WHAT TO DO: Beginning at the line containing "Green velvet throw" in the material below and ending at the line containing "Rear view of", return each line exactly and add nothing.

GIVEN ENTRIES Block Start

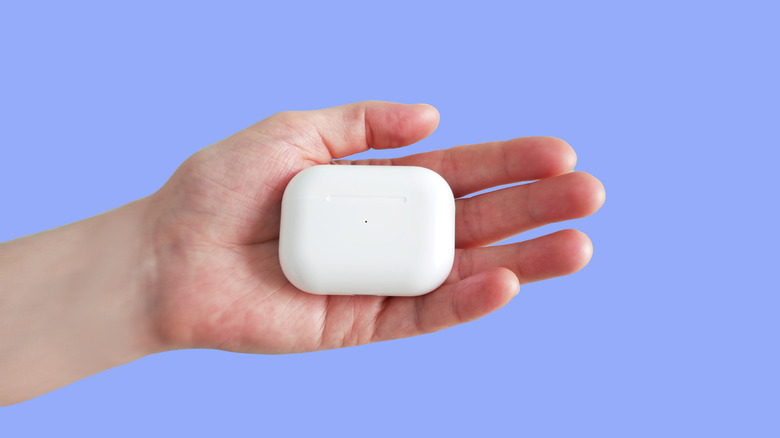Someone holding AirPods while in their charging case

GIVEN ENTRIES Block End
GIVEN ENTRIES Block Start

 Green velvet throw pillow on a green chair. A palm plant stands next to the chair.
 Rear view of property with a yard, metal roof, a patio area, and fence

GIVEN ENTRIES Block End
GIVEN ENTRIES Block Start

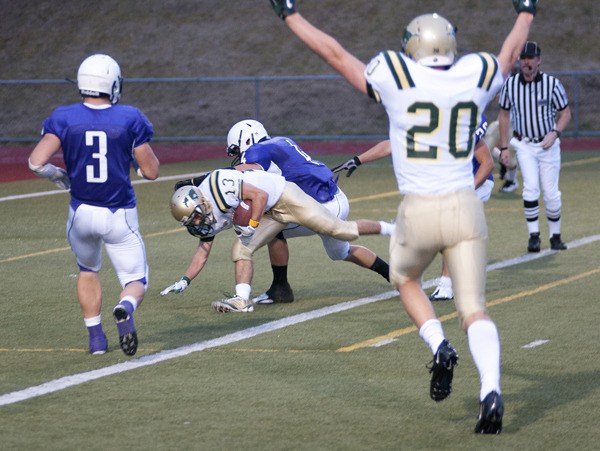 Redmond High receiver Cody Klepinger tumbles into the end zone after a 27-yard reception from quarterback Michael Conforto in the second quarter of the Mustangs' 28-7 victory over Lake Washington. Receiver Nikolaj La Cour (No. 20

GIVEN ENTRIES Block End

SOLUTION TO THIS TASK:
 Green velvet throw pillow on a green chair. A palm plant stands next to the chair.
 Rear view of property with a yard, metal roof, a patio area, and fence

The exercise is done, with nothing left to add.